Открывает денщик: «Дома, дома… Пожалуйте… Завтракают!»
Раскрываю гостиную дверь, где светлеет в окне кусок льдов, перерезанный четко густым листолапым растеньем, которое все поливала, бывало, хозяйка; и лоск бледно-желтых паркетиков; мебель зеленая: старых фасонов; меж ней невысокие шкапчики красного дерева, переплетенные томики, глянец рояля, свет, тишь, чистота.
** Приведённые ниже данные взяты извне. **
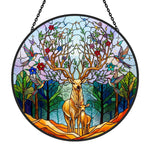 Stag and fawn in woodland stained glass suncatcher window hanging, suitable for home and garden decoration 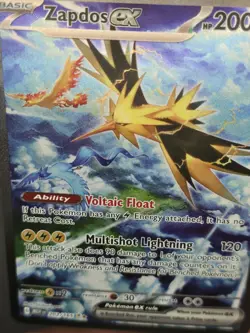 Pokemon TCG Zapdos ex 202/165 SV 151 SIR Holo Full Art 200 HP EX - Image 2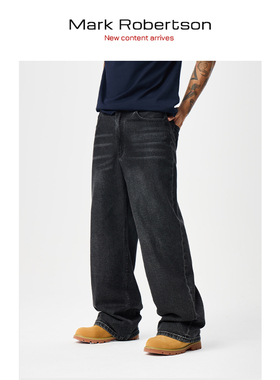 Mark Robertson美式重工牛仔裤宽松直筒2026新款冬季加厚休闲裤男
Александр Александрович шапкой волос перерезывает освещенные стекла; он с белой столовой салфеткой в руке, в черной мягкой рубашке из шерсти: без талии, пояса; шея — открытая, воротничок отложной: белый, мягкий; он выглядит Байроном; тени лежат на лице, — протонченном и белом: загар отлетел; точно перерисован со старой гравюры он.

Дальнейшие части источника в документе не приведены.